SIBLINGS Katie and Conor McEnery packed their bags last September and headed back to their roots, in Tanzania from where they had emigrated to Ennis a decade ago.
Kate McEnery at the top of KilimanjaroTheir trip merged a reunion with school friends and scaling the summit of Kilimanjaro to raise funds for an orphanage in their old home town of Morogoro.
The old school buddies converged from all corners of the globe but, unfortunately, disaster struck before the first step was taken. Conor was badly bitten on the foot by a dog while two others were laid low with swine ’flu. The trio had to sit out the climb but rejoined the group for the visit to Morogoro orphanage.
Of the six to set out from the foothills, only Katie McEnery and one other made it to top, in a climb that Katie describes as “the hardest thing I have ever done in my life”.
“At the same time, it was a wonderful experience that will remain with me forever. It was the most spectacular scenery and the most rewarding feeling standing on top of Africa,” she reflects.
Due to a successful quiz night hosted in Ennis and the generous offerings of family and friends, Conor and Katie raised €800, and, with the efforts of the whole group, a total of €6,000 has been raised so far.
After the climb, the group visited the orphanage in Morogoro and met the orphanage’s owner, Robert Simba, his wife and the children and were one and all touched by these people’s stoicism.
They are deeply trusting in Robert, a kindly, soft-spoken man and his equally inspiring wife and that the money given to them will be spent wisely. Robert was a rock ‘n’ roll star in Tanzania but when he retired, he and his wife saw the desperate needs of some children in their home town.
They are housing and looking after 24 children at present. Robert is currently building two new buildings outside of town, as their current residence is cramped and lacking proper amenities. The buildings are almost finished, as Robert has proven efficient in overseeing their construction, procuring money and services tirelessly to ensure a quick build time.
They are expected to be finished by the end of the year but it is the everyday necessities of the building post-completion to which donations are essential. These include clean, running water, blankets, beds and clothes. The children currently living in the cramped old orphanage are one and all delightful and cheerful, which is staggering considering some of their backgrounds – parents lost from AIDS, many of them living on the streets before Mr Simba invited them into his home.
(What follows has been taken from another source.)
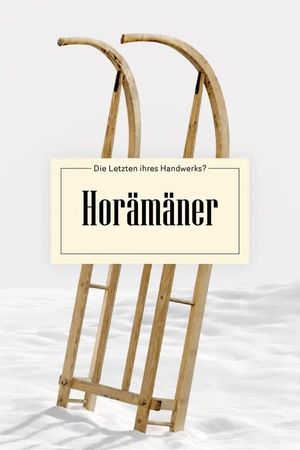 Horämäner's poster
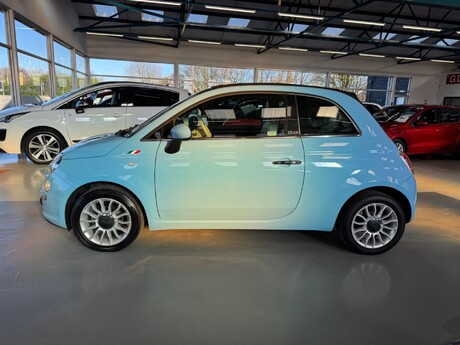 Fiat 500 1.2 Lounge Euro 6 (s/s) 2dr 4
This is a man who in his youth was a household name, for whom caring for children has become a heartfelt priority in his post-rock ‘n’ roll life. Now thanks to him, his wife and people like those in Ennis who have donated money, all of the children have been or are being educated. Three have left for university and six are waiting to enter kindergarten. One plays guitar beautifully and all are a joy to listen to when singing. Two of the international group, a couple recently married, asked that all their wedding gifts be money donations to the orphanage and brought football jerseys for the boys who are soccer-mad and now are a real team.
As there is no water supply to the area, Robert needs to drill a well. This will cost something in the region of €12,000 and is therefore the primary concern. Robert made it clear to the group that water, above all other things, is essential if the new orphanage is to survive and become partly self-sufficient.
With water, they will be able to grow their own food, reducing daily costs considerably.